Pengeroyok Anak Punk Hingga Tewas ‎Dibekuk

Pengeroyok Anak Punk Hingga Tewas ‎Dibekuk
Ilustrasi ( Foto: Istimewa )
Mikael Niman / CAH Senin, 16 April 2018 | 19:45 WIB

Bekasi - Anggota Reskrim Polsek Cikarang Selatan, Polrestro Bekasi mengamankan empat pelaku pembunuhan terhadap anak "punk" di Jalan Raya Cikarang-Cibarusah, Kampung Cijambe RT 07/RW 03, Desa Sukadami, Kecamatan Cikarang Selatan, Kabupaten Bekasi, Minggu (8/4) lalu. Sementara, satu rekan pelaku masih adalam pengejaran kepolisian.

"Kami telah mengamankan empat tersangka yakni ‎AR (23), JJ (16), MAP (14), dan AFB (16), satu pelaku lagi berinisial D masih dalam pencarian,"ujar Kapolsek Cikarang Selatan, Kompol Alin Kuncoro, Senin (16/4).

Menurutnya, kejadian bermula saat pengamen jalanan dengan model rambut ala "mohawk" berinisial W (18) ditemukan tewas di pinggir jalan dengan luka di bagian punggang, kepala dan terdapat luka sobek di bagian kuping. Kemudian, anggota Reskrim Polsek Cikarang Selatan, melakukan penyelidikan dan berhasil membekuk empat pelaku.

‎Para pelaku diamankan di tempat terpisah. Pelaku AR, MAP, AFB ditangkap di daerah Sumedang, Jawa Barat sedangkan JJ ditangkap kepolisian di rumahnya daerah Cisarua, Bogor.
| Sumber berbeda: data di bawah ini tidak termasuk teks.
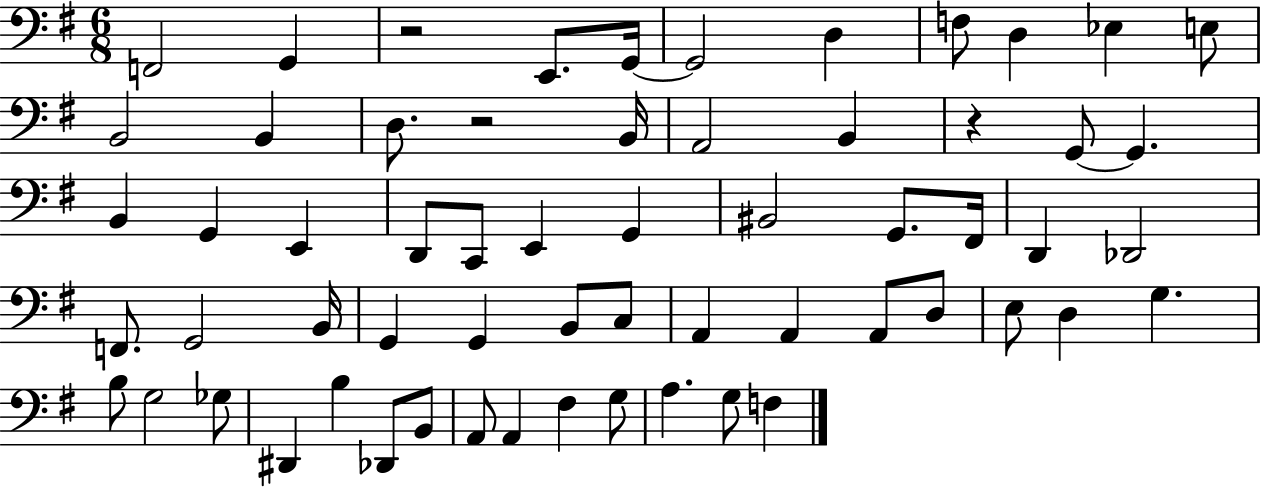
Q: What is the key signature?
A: G major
Berdasarkan pengakuan para pelaku, kata Kapolsek, mereka mempunyai peran masing-masing. ‎ "Peran AR,MAP, AFB memukul kepala pakai batu bata serta menusuk pinggang korban menggunakan tanduk rusa kecil secara bergantian, JJ dia memukuli korban menggunakan batu," bebernya.

Korban mengalami tiga luka tusukan dan bagian kepala serta luka memar di bagian tubuhnya.

Keesokan harinya, pada Minggu, 8 April 2018 kelima pelaku mendatangi ke lokasi, saat dicek W sudah tak bernafas. Kemudian, kelima pelaku menutupi jasad korban dengan selembar triplek. Setelah diautopsi, diketahui korban tewas karena kehabisan darah.

"Motif para pelaku karena hal sepele. Saat itu, korban W mengejek pelaku AR hingga membuat AR tersinggung dan mengajak rekannya untuk mengeroyok korban," imbuhnya.

Untuk mempertanggungjawabkan perbuatanya, para pelaku dikenakan Pasal 170 KUHP tentang Pengeroyokan yang menyebabkan korban meninggal dengan ancaman hukuman 10 tahun penjara.